Конечно, в прозе всё попроще.
«Факт – вещь упрямая, но я
уверенно парю над прошлым,
что выше вымыслом меня.
Да, не прожить без парадоксов,
как без спасительных идей
в тенётах проклятых вопросов
реальных призрачных людей….
Все хороши и, слава Богу! –
без покаяния живём,
не думая о сумме долга
в торговле жертвы с палачом….
 
Волна безумия накрыла,
как говорится, с головой
всей массой безотрадной силы,
как «здравомыслящей толпой»!
Не посмеёшься над сердитым
серьёзным делом, и тогда,
сам став посмешищем, простишь ли
не ведая творящих, а?
Да никогда! Прозрей до срока,
не лопнул бы самообман
злым пузырём эпохи доброй, –
к себе бы не вернулся сам….

Тут в протокольном пересказе,
из рамок драмы анекдот
в реализации фантазий
постыдно вырвался вперёд.
И в те страдательные миги
я был трагически смешон,
идеей одержимой дико,
не воплотившейся ни в чём.
Была оказия, а случай,
как в руку сон был нужен мне:
вот-вот решиться моя участь,
но до того я еду к ней!
          ______________

Обманутый досужим слухом,
с легендой и мечтой своей
уже был в вековой разлуке,
расставшись в прошлом декабре.
Но оказалось всё иначе.
Двух ожиданий сны надежд
сливались с явно-настоящим:
«Встречай! Я еду. Буду в шесть»!

Воздастся!

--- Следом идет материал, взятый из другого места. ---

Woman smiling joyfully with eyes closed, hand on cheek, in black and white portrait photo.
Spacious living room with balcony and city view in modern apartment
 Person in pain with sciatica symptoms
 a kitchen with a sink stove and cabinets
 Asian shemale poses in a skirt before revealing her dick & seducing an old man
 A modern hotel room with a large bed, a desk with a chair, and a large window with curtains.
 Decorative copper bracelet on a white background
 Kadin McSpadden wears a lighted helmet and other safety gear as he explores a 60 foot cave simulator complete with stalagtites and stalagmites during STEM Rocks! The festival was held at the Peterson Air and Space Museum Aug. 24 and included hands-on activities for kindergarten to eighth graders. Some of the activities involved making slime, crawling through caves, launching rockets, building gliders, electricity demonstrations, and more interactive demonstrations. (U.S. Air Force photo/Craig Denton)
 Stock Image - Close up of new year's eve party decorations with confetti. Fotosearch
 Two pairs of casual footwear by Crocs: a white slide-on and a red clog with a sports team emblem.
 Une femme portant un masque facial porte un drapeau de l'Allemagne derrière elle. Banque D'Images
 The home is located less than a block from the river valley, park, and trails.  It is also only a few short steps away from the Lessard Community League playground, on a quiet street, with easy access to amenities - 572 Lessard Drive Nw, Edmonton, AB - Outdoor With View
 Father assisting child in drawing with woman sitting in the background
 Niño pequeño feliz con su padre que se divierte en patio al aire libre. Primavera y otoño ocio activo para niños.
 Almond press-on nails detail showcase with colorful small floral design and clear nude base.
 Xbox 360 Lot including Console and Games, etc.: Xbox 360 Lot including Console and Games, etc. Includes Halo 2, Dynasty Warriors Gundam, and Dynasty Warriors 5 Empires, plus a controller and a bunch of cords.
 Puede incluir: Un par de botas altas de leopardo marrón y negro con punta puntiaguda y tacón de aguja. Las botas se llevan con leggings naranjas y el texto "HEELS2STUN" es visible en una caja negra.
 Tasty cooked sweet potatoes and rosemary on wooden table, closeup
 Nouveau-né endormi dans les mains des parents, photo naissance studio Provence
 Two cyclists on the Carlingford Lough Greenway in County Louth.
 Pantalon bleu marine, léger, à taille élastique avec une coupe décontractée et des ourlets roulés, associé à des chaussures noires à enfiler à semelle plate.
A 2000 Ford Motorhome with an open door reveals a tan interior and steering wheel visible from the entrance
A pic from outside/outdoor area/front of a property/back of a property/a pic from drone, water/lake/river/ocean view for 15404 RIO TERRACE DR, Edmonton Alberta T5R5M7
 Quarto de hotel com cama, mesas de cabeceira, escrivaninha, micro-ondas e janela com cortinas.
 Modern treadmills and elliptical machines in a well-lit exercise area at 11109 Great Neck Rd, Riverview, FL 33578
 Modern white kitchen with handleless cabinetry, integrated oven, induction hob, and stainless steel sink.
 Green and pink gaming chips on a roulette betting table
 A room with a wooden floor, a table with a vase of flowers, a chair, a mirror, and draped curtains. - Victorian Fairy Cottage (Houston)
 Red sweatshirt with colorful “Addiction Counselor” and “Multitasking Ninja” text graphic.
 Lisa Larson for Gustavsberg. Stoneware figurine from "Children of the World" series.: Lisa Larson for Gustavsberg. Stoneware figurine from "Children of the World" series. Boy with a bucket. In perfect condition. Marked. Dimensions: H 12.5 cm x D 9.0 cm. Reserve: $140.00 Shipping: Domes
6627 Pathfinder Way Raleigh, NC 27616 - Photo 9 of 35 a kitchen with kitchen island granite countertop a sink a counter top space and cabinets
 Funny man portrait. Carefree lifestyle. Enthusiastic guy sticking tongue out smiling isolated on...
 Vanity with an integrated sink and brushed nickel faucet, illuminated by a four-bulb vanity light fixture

Возраст нарастает
напластованьем тщетных средств,
простым сложеньем расстояний
при неизменной сумме мест.
Как в поиске груди вслепую
младенец тычется, уйди
в сплошную область теневую,
чтоб светоч обрести в пути.

С литературным произволом,
сводящим призраки людей
и их реальные подобья,
мы встретились… не та не с тем!
Реальность внутренних миражей –
основа зазеркальных свойств:
пока не потеряешь дважды,
себя в себе не обретёшь….

В грядущем-прошлом был отторжен, -
всё впереди, - оригинал,
но наяву ряд лиц продолжив,
он копией обычной стал.
Так вжиться сызнова друг в друга,
как «до и после» побывать:
уже другим после разлуки,
где обрести, что потерять….

Грань узнаванья-отдаленья –
исчезновенья та же грань,
а в факте встречи разоренье,
хоть лёд зеркальный лбом тарань!
Захлопнулся капкан мгновенья
и, фантазируя ещё,
фонтан иссяк, как наше время – 
источник счастья истощён….

Две жизни, два невосполнимых
воспоминанья, две души
разделены стеклом единым
всеотражающей души.
А проще, космос беспримерный
катастрофический раскол
претерпевал в двух атмосферах:
меж нами вечность, то есть стол….

И сблизившись до полуметра,
разделены, как никогда:
в глаза, как сквозь глазок на двери
друг друга узнаём… тогда!
И в панораме расширенья
лицо в момент отдалено
ретроспективным уменьшеньем,
что в перевёрнутый бинокль!
          ______________

И это стало откровеньем
при суеверном страхе в том,
что без надежды проясненья
всплывает то и дело, что
нам достаётся, как начало
закономерного конца
в три на четыре отпечатке,
где вдруг в лице лицо узнал!

Но, кажется, другое было,
чего никак не мог постичь,
ввалясь «подарком для любимой»,
чушь, околесицу и дичь
неся такую… слава Богу,
забытую, точней, в стыде
сгоревшую. И всю дорогу,
собой красуючись, балдел.

И не снискал расположенья,
ища в прощении за все
страдания невыраженья
освобождающий подтекст.
А на поверхность после всплыло:
в судьбу чужую в чёрный год
я вляпался довольно мило,
самонадеянный урод!

И стал пророком поневоле,
черту отчаянья пройдя
к надежде, не заметив боли…
того, что здесь прошлась беда.
Что объявившийся случайно,
я был давным-давно забыт
в другом любимом, что в несчастном
нелепом случае погиб!

Быть может, накануне свадьбы, -
не зря же друг мой убеждал, -
и умерший как будто дважды,
я абсолютно опоздал!
И только много позже всё же
увидеть, наконец, посмел,
что отплатила невозможным,
страдая так же и не с тем.

«Темнила ясного яснее»,
когда, прощаясь насовсем,
в прошедшем мифа не жалея,
дарила всю себя взамен.
Так мило льстила без обмана,
став на трагедию взрослей,
закончив мировую драму
в ещё слепой душе моей!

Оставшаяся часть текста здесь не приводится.